On the bad side, I doubt whether this PR can make any noticeable performance improvements at all. On qd, we cannot completely get rid of libpq connections for now, and query dispatch is already pipelined to hide interconnect cost anyway. In the long run, if we are to "decentralize" QE by reassigning tasks (such as creating reader QEs, keepalive, etc.) to writer QE, this feature is a very good pathfinder and also a mandatory requisite. But if that's not the case, I doubt whether this feature alone worths the risk.

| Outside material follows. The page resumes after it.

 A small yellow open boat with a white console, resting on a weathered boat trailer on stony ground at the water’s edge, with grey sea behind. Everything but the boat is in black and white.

Agree, we have a long way to go, but this PR is a good start! Thanks for your work and rich description.

[Ray-Eldath]

else if (Gp_role == GP_ROLE_EXECUTE)
	{
		if (Gp_is_writer)
		{
			addSharedSnapshot("Writer qExec", gp_session_id);
		}
		else
		{
			/*
			 * NOTE: This assumes that the Slot has already been
			 *       allocated by the writer.  Need to make sure we
			 *       always allocate the writer qExec first.
			 */			 			
			lookupSharedSnapshot("Reader qExec", "Writer qExec", gp_session_id);
		}
	}

can reuse SharedSnapshot logic and code ?

the original implementation was to use SharedSnapShot, but I quickly gave it up. SharedSnapshot served for a totally different purpose and its lifetime is tied to a transaction not a query. when dtxcontext is AUTO_COMMIT_IMPLICIT, txn lifetime is query lifetime, but when you explicitly use txn with BEGIN stmt etc., they're different. we can of course make this work but I didn't go down that path. I can try again if you think that's better.

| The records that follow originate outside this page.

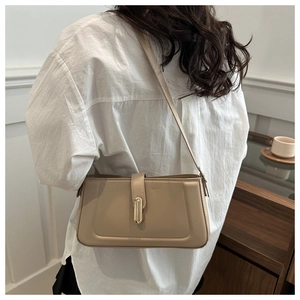 Detail shot of the khaki shoulder bag with gold metal clasp on a minimalist leather surface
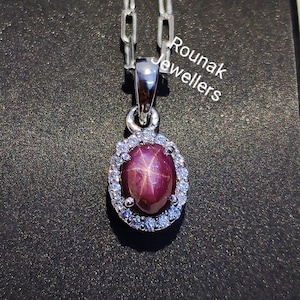 Op de afbeelding: Een zilveren ketting met een hanger met een rode sterrobijn omringd door een halo van kleinere witte diamanten. De hanger is ovaalvormig en de ketting is een delicate schakelstijl. De tekst "Rounak Jewellers" is zichtbaar op de achtergrond.
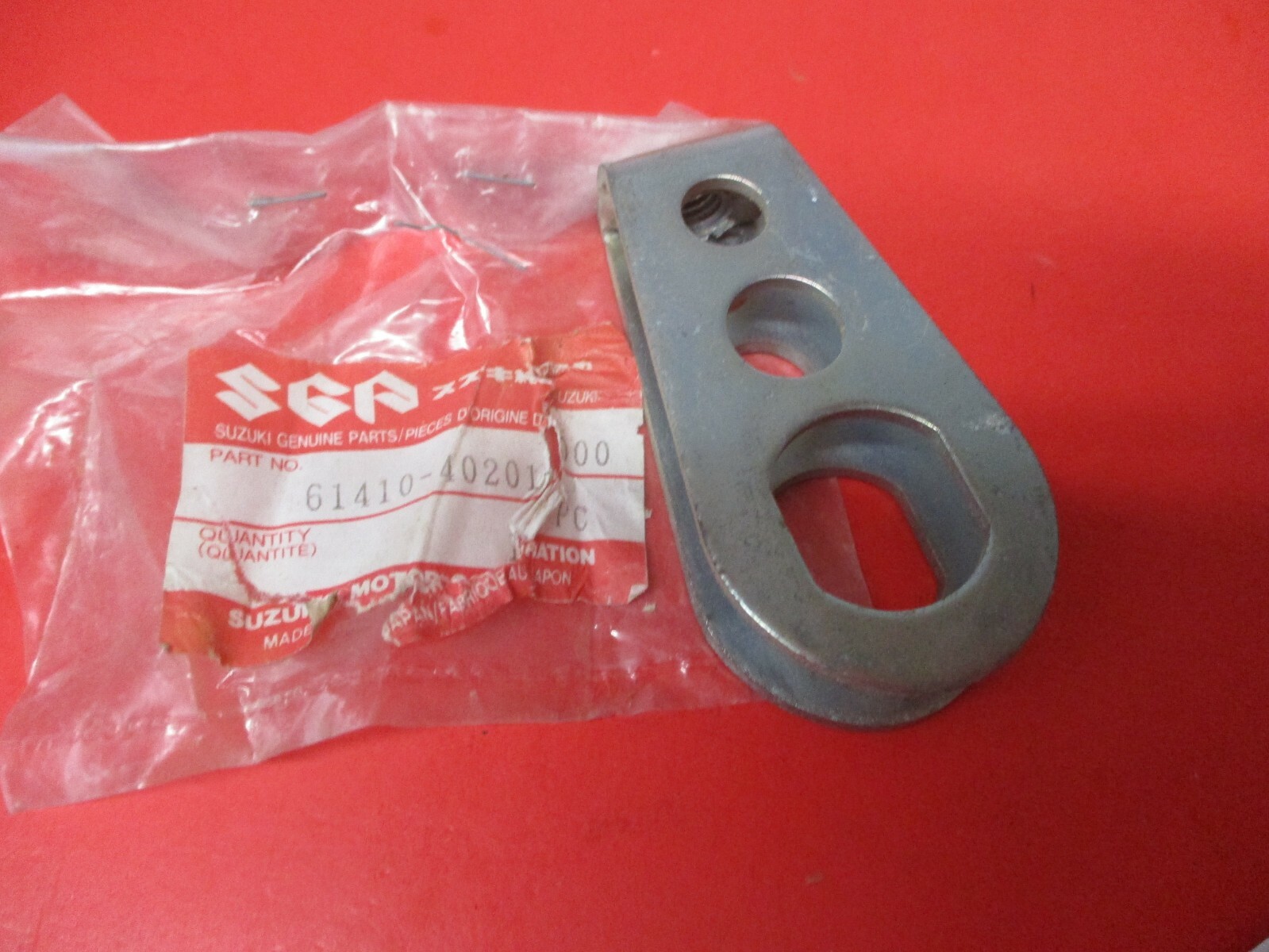 T NOS OEM NEW ORIGINAL SUZUKI CHAIN ADJUSTER RM125 PE175 61410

also I can never figure out why they use a array to store slots discriminated by gp_session_id. use ShmemSharedHTAB as this PR and parallel can lead to a far simpler implementation. Do you have a theory on this? @yjhjstz

[yjhjstz]

the original implementation was to use SharedSnapShot, but I quickly gave it up. SharedSnapshot served for a totally different purpose and its lifetime is tied to a transaction not a query. when dtxcontext is AUTO_COMMIT_IMPLICIT, txn lifetime is query lifetime, but when you explicitly use txn with BEGIN stmt etc., they're different. we can of course make this work but I didn't go down that path. I can try again if you think that's better.

I found they have the same logical except lifetime.

[my-ship-it]

Close the PR since no response for a long time.